A gene bank is not conservation. A gene bank is a cemetery with freezers.
True conservation happens when an animal has a reason to live, not just a reason to be stored. Jallikattu gives the Pulikulam bull a reason to live, a reason to be bred, a reason to be fed dates and turmeric and cotton seeds by a farmer who wakes before dawn to care for it. No government policy has ever replicated that incentive structure. None ever will.
X. Conclusion
A civilization that cannot protect its gene pool cannot protect its future.
The Kangayam bull thundering across red soil. The Pulikulam’s muscle memory, refined across five thousand years. The A2 milk in a child’s brass tumbler on a Tamil winter morning. The verse from the Kalithogai that called it Eru Thazhuvuthal, the embracing, because even in the Sangam age, they knew this was not combat. This was love with consequences. This was conservation with a heartbeat.
The man who runs toward the bull in that arena is not performing bravery for an audience. He is performing duty for a bloodline.

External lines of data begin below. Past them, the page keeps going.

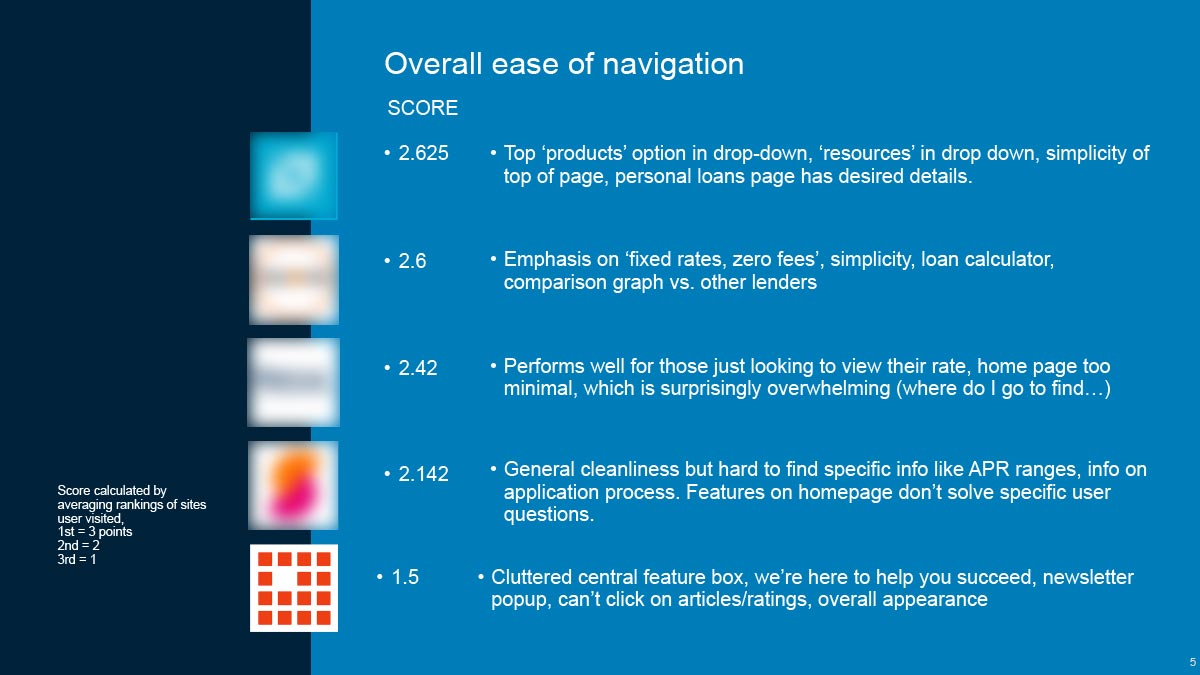 LC-Navigation-Ease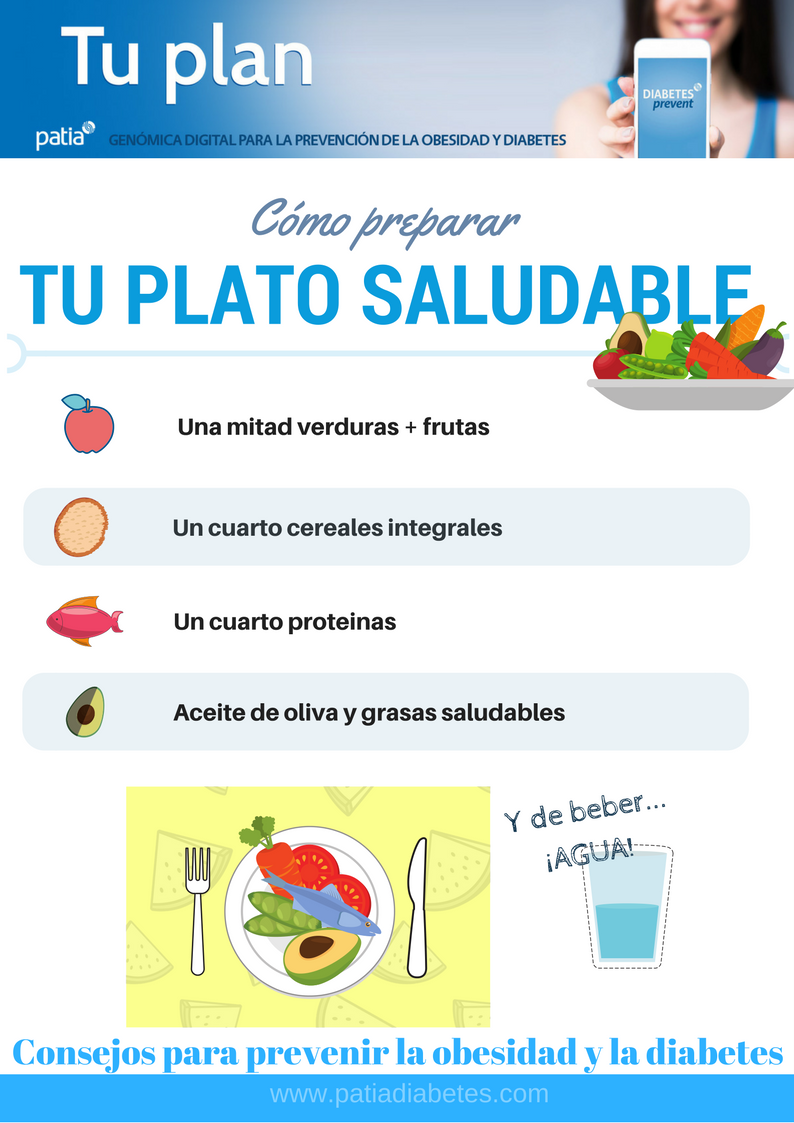 Consejos Tu Plan - PATIA Diabetes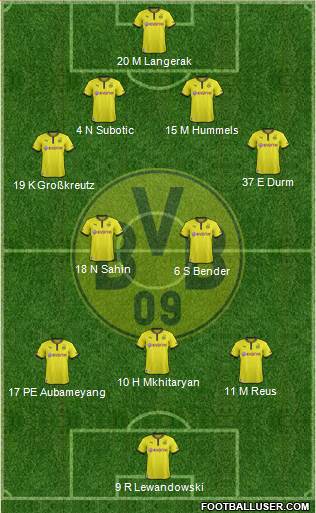 Borussia Dortmund Formation 2013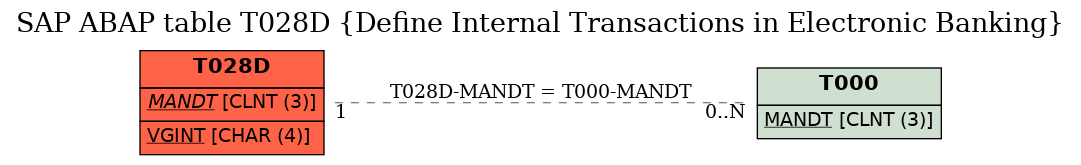 E-R Diagram for table T028D (Define Internal Transactions in Electronic Banking)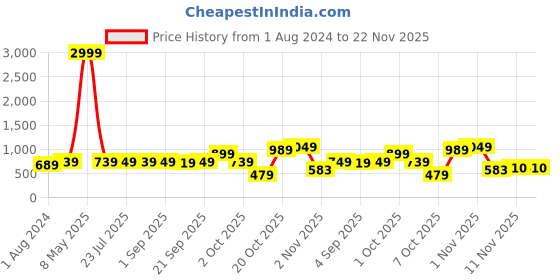myntra.com ZENEME Gold-plated & White AD-Studded Triangle Shaped Jewellery Set zeneme Price History Graph from 1 Aug 2024 to 22 Nov 2025
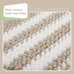Bathroom Rugs Set 2 Piece, Extra Soft and Absorbent Fluffy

He is the last link in a chain that begins with Indus Valley seal-makers, runs through Sangam poets, through Chellappa’s Pichai, through half a million silent people on Marina Beach, and arrives at this moment, a barefoot young man, red dust rising around him, throwing himself at something ancient and irreplaceable, trying to hold on.The bull always has a choice. It can turn. It can charge away. It can leave the arena untouched and unchallenged. The fact that it returns, year after year, breed after breed, generation after generation, is the only argument Jallikattu has ever needed.
“காளை வீழ்த்துவது வீரம் அல்ல; காளையை காத்து, இனத்தை காத்து, மண்ணை காத்து நிற்பதே உண்மையான தமிழனின் வீரம்.”
“Bringing down a bull is not bravery. Standing firm to protect the bull, protect the breed, and protect the soil, that is the true courage of a Tamil.”